No, I'm afraid that Always Strikes First takes precedence in this case - It makes High Elves with great weapons Extremely dangerous, their white lions, sword masters and GW armed characters - there really isn't a drawback for them at all, apart from being "two handed".

The thing is that Strikes Last rule (for great weapons, see P54) mentions that Strikes Last only takes effect when striking in normal initiave order. Speed of Asuryan gives the Always Strikes first rule, which overrides the normal inititive order - meaning that Strikes Last doesn't come into effect. So models with ASF really do always strike first.

Hope that helps clear it up


----------



## Hudson (Jun 3, 2008)

i hate high elves :angry: damned speedy little gits!!!!


----------



## The Son of Horus (Dec 30, 2006)

The only time the great weapon is a disadvantage for High Elves is if they're fighting someone else with the Always Strikes First rule (and let's face it, there's at least a magic item in almost every army which provides the rule). If both sides have Always Strikes First, you go in initiative order, and when you're swinging in initiative order, the great weapons strike last. Makes Chaos Lords with the Always Strikes First helmet obnoxious against Chrace-themed High Elf armies, since the lord's initiative is better than the elves'.


----------



## reubiedoo (Mar 21, 2009)

Thanks eveyone. Wow! O_O

Guess that's good enough reason to trade out my DPs for WL in my defensive list then.


----------



## Aktar09 (Apr 4, 2009)

you know, i really hate that rule:angry:

psst... i don't play high elves. major surprise or what?


----------



## Barnster (Feb 11, 2010)

The ASF made units like swordmasters and white lions worth the points again before they were simply ignored for mass silver helm cavalry and pheonix guard


----------



## LukeValantine (Dec 2, 2008)

Damn sometimes it can get right out confusing with ASF I mean it gets even worse when taking into affect charging, and the like.


----------



## Zorenthewise (Aug 7, 2008)

I love that rule and I don't play HE! It makes the army much more interesting to play against, as you have to count on striking last. With my Dwarfs, not much difference though! I almost always hit last anyways.

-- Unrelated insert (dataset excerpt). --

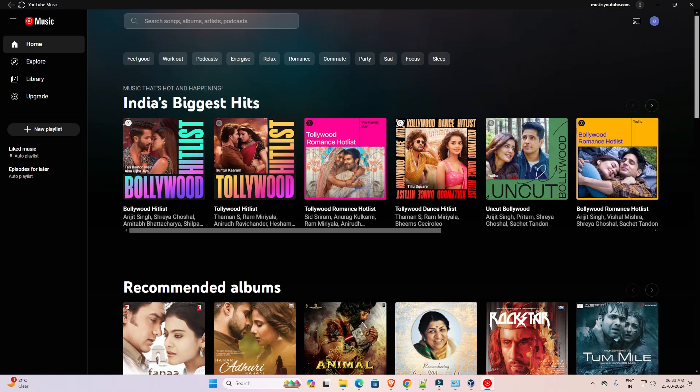And here we find YouTube Music installed as an app on our Windows 11 PC or laptop.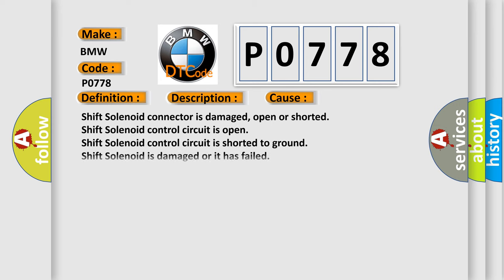This diagnostic error occurs most often in these cases: shift solenoid connector is damaged, open or shorted; shift solenoid control circuit is open; shift solenoid control circuit is shorted to ground; shift solenoid is damaged or it has failed.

White Lions are a fantastic unit as long as an Organ Gun or Hellblaster isn't shoving shots down their face.

Basically ASF trumps anything that happens during the combat round. Things like impact hits are before the combat round, so they go first, but ASF means before any other attacks.


----------



## maddermax (May 12, 2008)

LukeValantine said:


> Damn sometimes it can get right out confusing with ASF I mean it gets even worse when taking into affect charging, and the like.


It's not actually all that difficult. ASF always goes first, then chargers, then I order, then Strikes Last. If two people have Always strikes first, then it goes to I order (and you ignore Great Weapon/strikes last).

Hope that helps


----------